Public Noise Private Noise

Inspired music

Jun 1, 2011 at 5:00 am
Jason Noble
Jason Noble Ron Jasin

Welcome to the first in a series of new music columns that will run here. I’m tremendously excited about this project and grateful to share the space. Each columnist was asked by the editors to focus on music that inspires them. We hope to offer moments of sonic joy, celebrate good work, explore creative intrigue and encourage vigorous debates.

I’d like to look at the exhilarating (and terrifying) moments between private creation and public sharing … the path an idea travels to eventually become a piece of vinyl, or digital codes, or live spectacle. While pondering these notions, I met a musician and visual artist named Laurel Sprengelmeyer, who performs under the name Little Scream. Her debut album, The Golden Record (Secretly Canadian), combines autumnal folk with bracing up-tempo marches and sonic adventure. Sprengelmeyer, who lives in Montreal, conjures lovely and ragged landscapes, often disregarding genre expectations. While the record features many incredible guest musicians (from the bands Arcade Fire, The National and Bell Orchestre), I wanted to ask Sprengelmeyer about her lyrics, and how the words propelled the unusual composition of the songs.

LEO: The album seems focused on damaged but heroic characters. From the mention of the character “Amahl” to the “scarred” boys and normal people just holding on, there’s a narrative of how life can deform all of us.
Little Scream: Sometimes I feel like the whole reason I create is to valorize the lives of the people I grew up loving — the colorful and romantic characters who filled up the pages of my youth. The further out into the world I got, the more I realized that most people didn’t care about their experiences or who they were, even though to me they are the most beautiful and interesting creatures on the planet. So if I don’t write songs or paint pictures or tell stories about them, who will? Who will ever care that they existed? More importantly, how will they ever know how much they mean to me, how beautiful they are in my mind? That is a large part of what has motivated me to make these songs.
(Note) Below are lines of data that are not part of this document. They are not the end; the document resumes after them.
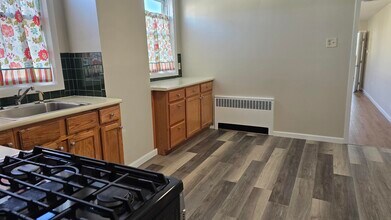 667 Broadway in Bayonne, NJ - Building Photo - Building Photo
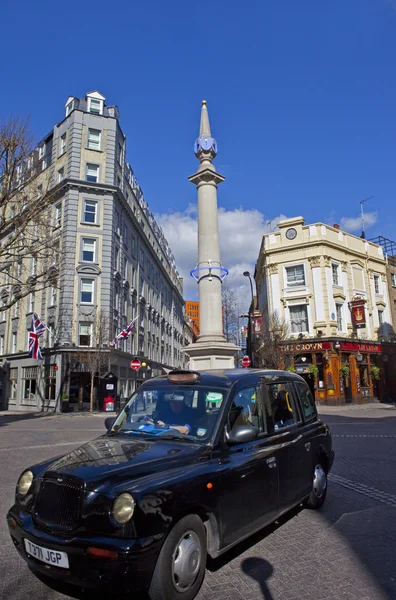 Zeven wijzerplaten Sundial Column in Londen — Stockfoto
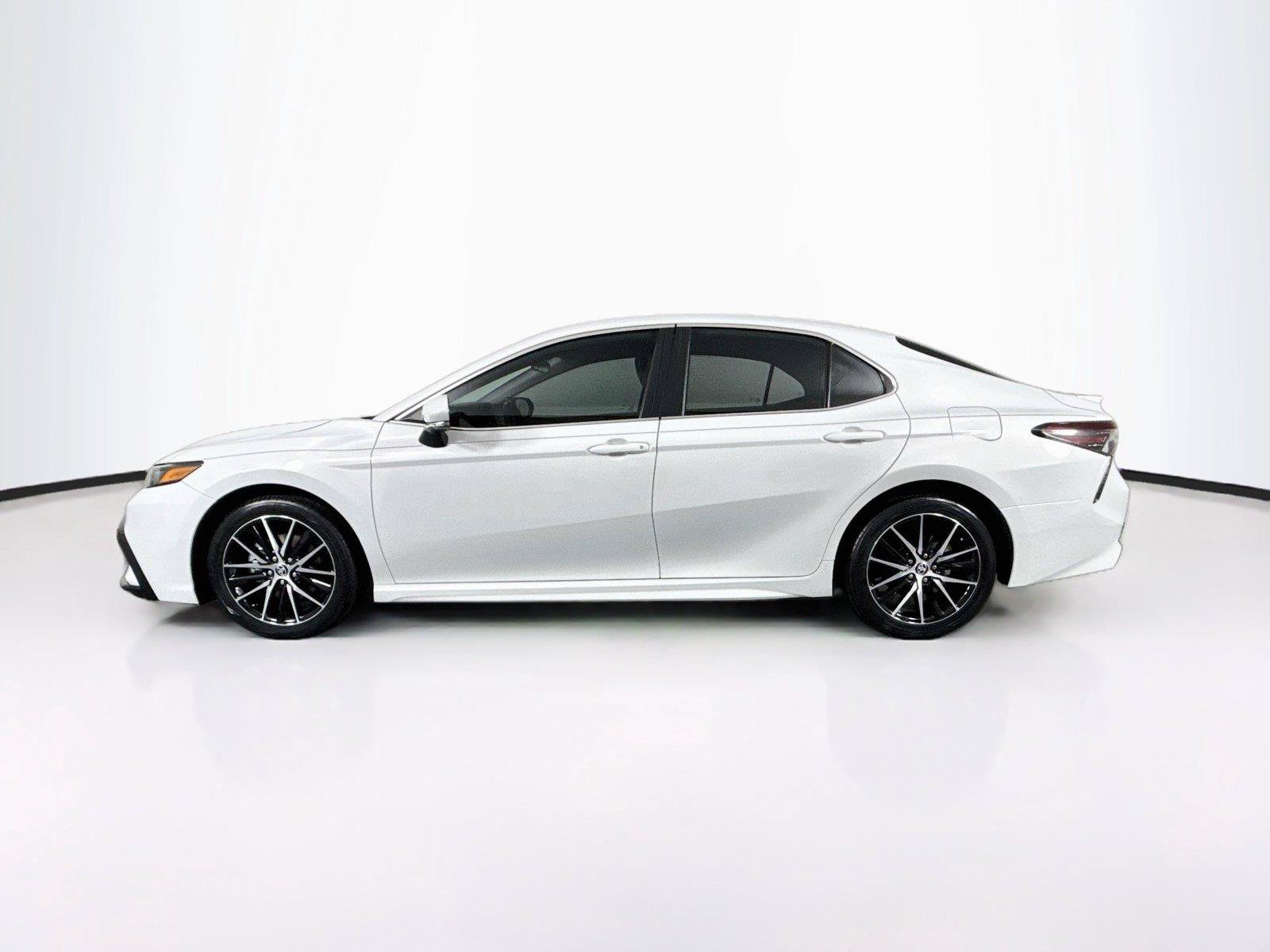 Certified 2024 Toyota Camry SE FWD image 12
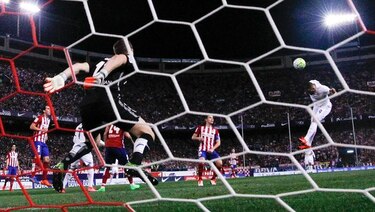 Real Madrid sacó un empate a un gol en el Vicente Calderón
The reference to the opera “Amahl and the Night Visitors” is significant, because it’s the first piece of recorded music I remember hearing as an infant. There’s a personal parallel in that story — a boy who becomes unwittingly healed when he offers up his own crutches (to someone in need). It’s a beautiful metaphor … somehow it’s important to me on a subconscious level.

LEO: It feels like these songs often embrace the idea of “singing through the storm.”
LS: Whenever I find myself writing about a dark or troubling subject, I’m always reminded of how much I love Motown. In that music, there is a persistent joy that is made more powerful by its relationship to hardship. It is a defiant joy, the triumph of spirit over circumstance. That’s a spirit I always want to embody in my music.

LEO: At the end, you include a fragment of an Elgar classical piece that’s often used at graduations … but it’s also a song touched with farewells and the end of a special part of youth.
LS: The title “Pomp and Circumstance” was taken from “Othello” about the pride, pomp and circumstance of “glorious war.” But was I thinking about any of this when we recorded that? Heck, no. I was just thinking about how cool the graduation song sounded when we were checking the tremolo setting on the amp before recording the song “Cannons.” We were almost finished with the album, and I was definitely having a feeling of accomplishment, a sense of passage. A graduation of sorts from a life I had only imagined … toward a life where the imaginary was becoming more concrete. Later that night, I decided to look that song up and was really struck by its poignancy in relation to war — the strange social significance of that combined with the personal meaning. It was a message I wanted to include, even if only as a gesture. It makes me reflect that perhaps a lot of the greatest moments on this album come from the serendipity of my unconscious intentions. I feel like that about a lot of things in my life.

Jason Noble is a Louisville musician who has performed with the bands Shipping News and Rachel’s, among others.